» **Data supplied**:
:::
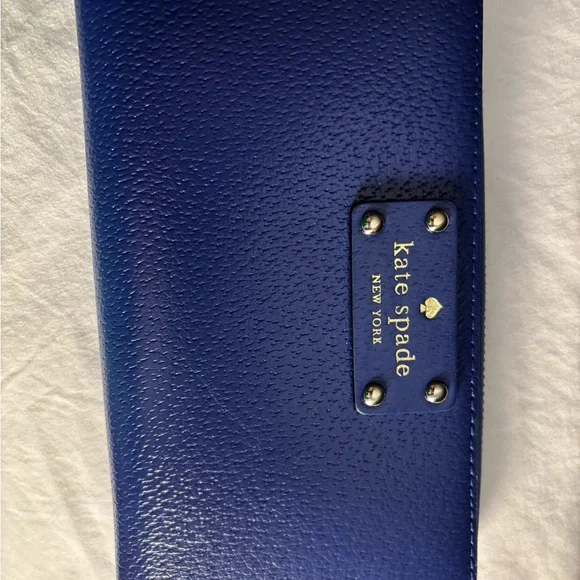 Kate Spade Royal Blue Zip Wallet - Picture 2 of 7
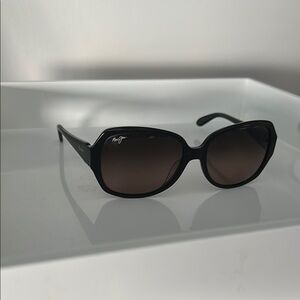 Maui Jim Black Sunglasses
:::
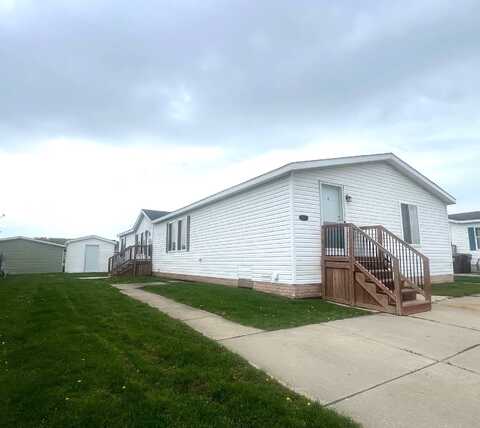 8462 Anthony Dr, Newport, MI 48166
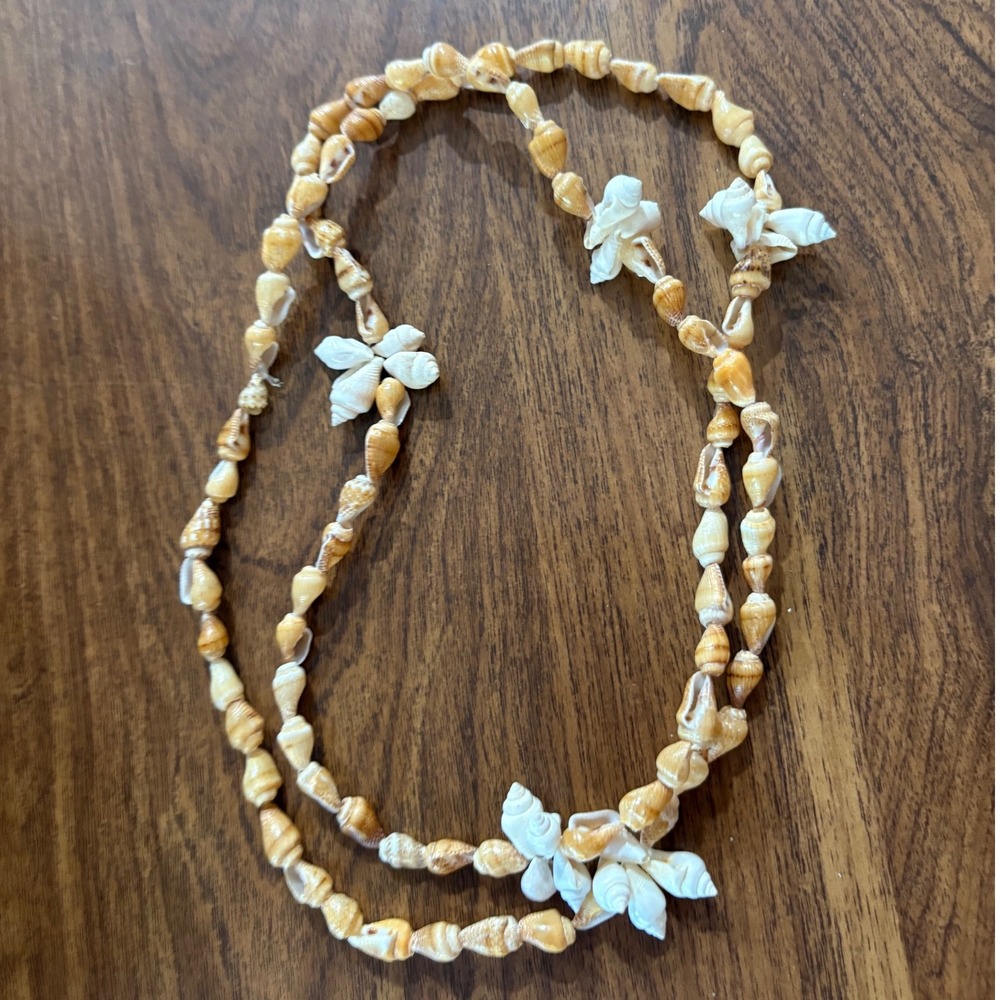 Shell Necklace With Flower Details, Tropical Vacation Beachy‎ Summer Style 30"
:::
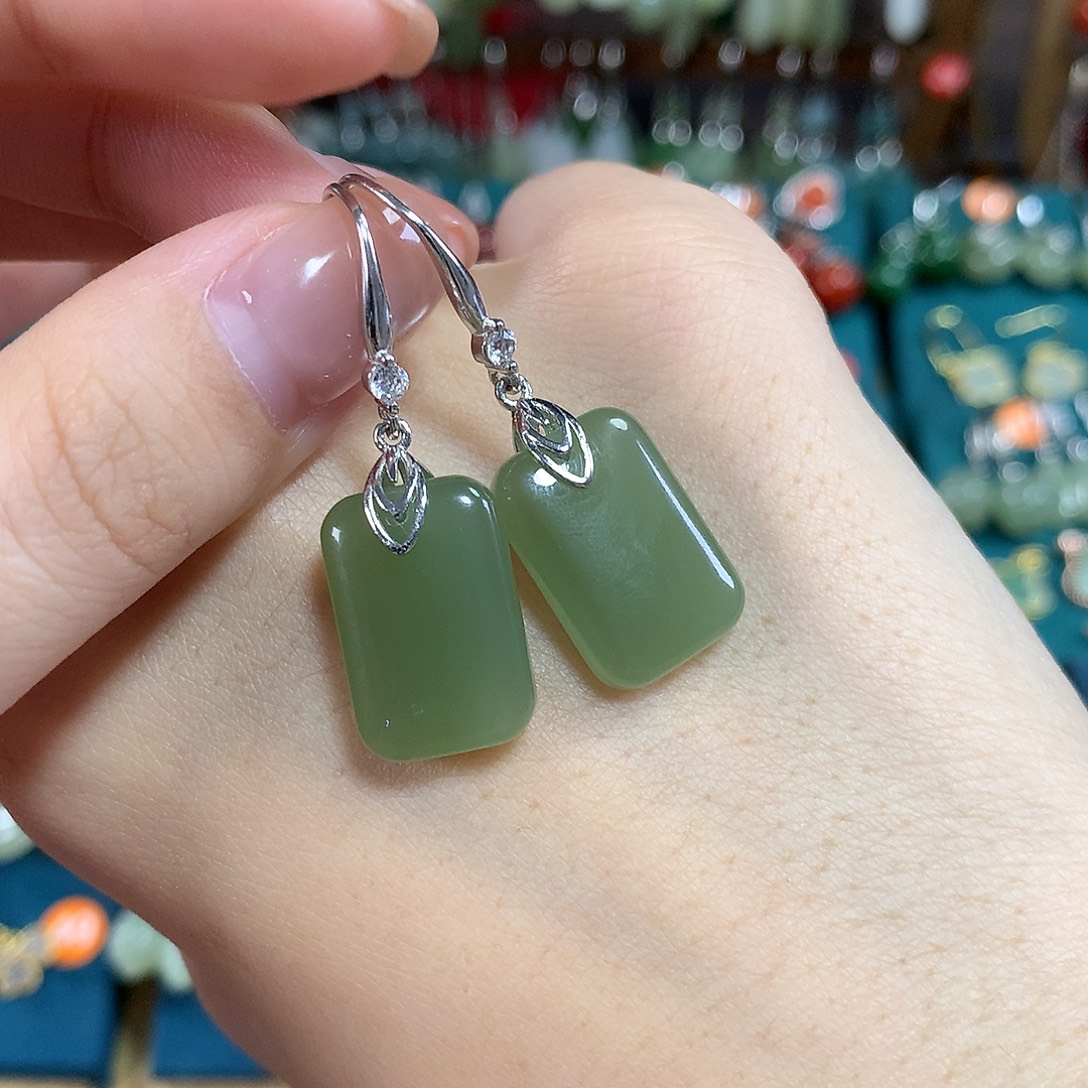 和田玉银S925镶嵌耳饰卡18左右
:::
In the material above, one part opens with the line containing "Kate Spade Royal" and closes with the line containing "Maui Jim Black Sunglasses". Write out that part exactly and skip its pictures.

» **Result of this task**:
 Kate Spade Royal Blue Zip Wallet - Picture 2 of 7
 Maui Jim Black Sunglasses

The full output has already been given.